Students who believe they have been victims of fraud at any US school -- not just Corinthian -- must "assert that a college's actions violated state law and affected their provision of educational services or their federal loan" in order to be considered for debt relief.

"While some for-profit career colleges play a critical role in helping students succeed in their educational and training pursuits, too often, bad actors in the sector have preyed on some of our nation's most vulnerable students and taken advantage of hard-working Americans who simply want a better future for themselves and their families," Secretary of Education Arne Duncan said in a statement. "I am committed to ensuring that every student has access to an education that will put them on solid footing for a career, and I will hold schools accountable for practices that undercut their students and taxpayers."

READ MORE: Notorious for-profit Corinthian Colleges shuttering 28 campuses, displacing 16k students

In April, the Department of Education fined Corinthian $30 million based on falsified job placement data and other fraud allegations.
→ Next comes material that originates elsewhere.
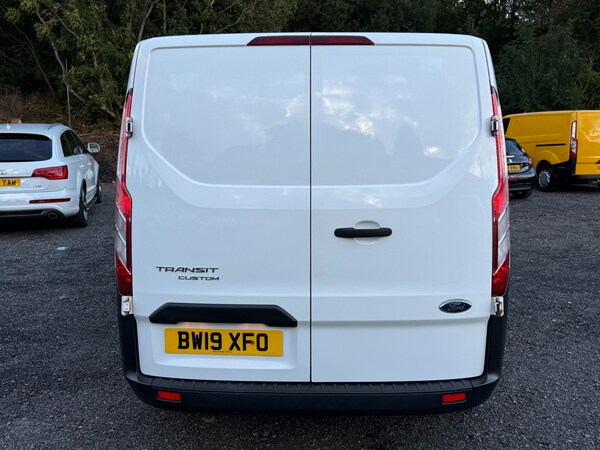 Used Ford Transit Custom 2019 for sale - 76334695: Photo 7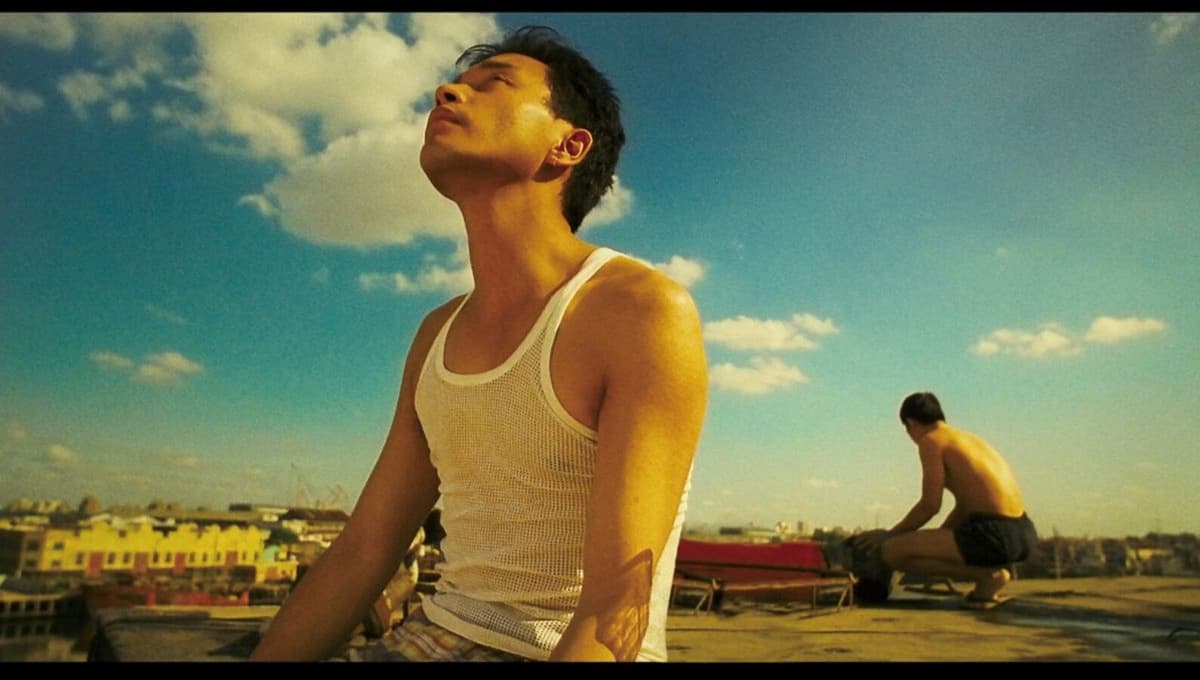 Happy Together (Leslie Cheung)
Two weeks later, the institution announced it would close its ground campuses. It filed for Chapter 11 bankruptcy on May 4.

Corinthian's revenue doubled to $1.75 billion amid the Great Recession, from 2007 to 2011. The institution relied heavily on funding from federal student loans and grants. According to the company's filings, Corinthian schools generated $1.2 billion in government loans in its last year.

In recent years, Corinthian, one of the largest for-profit higher education systems in the US, has weathered steep cash shortages and a host of fraud accusations, including fake job prospects offered to students.

Last year, federal pressure pushed Corinthian to sell off most of its schools to a nonprofit student loan servicer. Yet many of those new campus owners were able to ditch Corinthian's liability while former students with Corinthian debt were not bailed out in similar fashion.

In 2015, dozens of former Corinthian students have engaged in a debt strike to protest the Department of Education's handling of the dodgy for-profit institution. Students – as well as state attorneys general, consumer advocacy groups, and members of Congress – have lobbied the department to lift its debt obligations based on allegations against Corinthian.

“The [Education] Department has chosen to bail out the company while sinking students in a lifetime of debt for degrees that many experts have called worthless,” the debt strikers said in March.

Created in 1995, Corinthian Colleges once had more than 110,000 students at 100 Heald, Everest, and Wyotech affiliate campuses across the US.

"Where students have been harmed by fraudulent practices, I am fully committed to making sure students receive every penny of relief they are entitled to under law. We will make this process as easy as possible for them, including by considering claims in groups wherever possible, and hold institutions accountable," Duncan said Monday.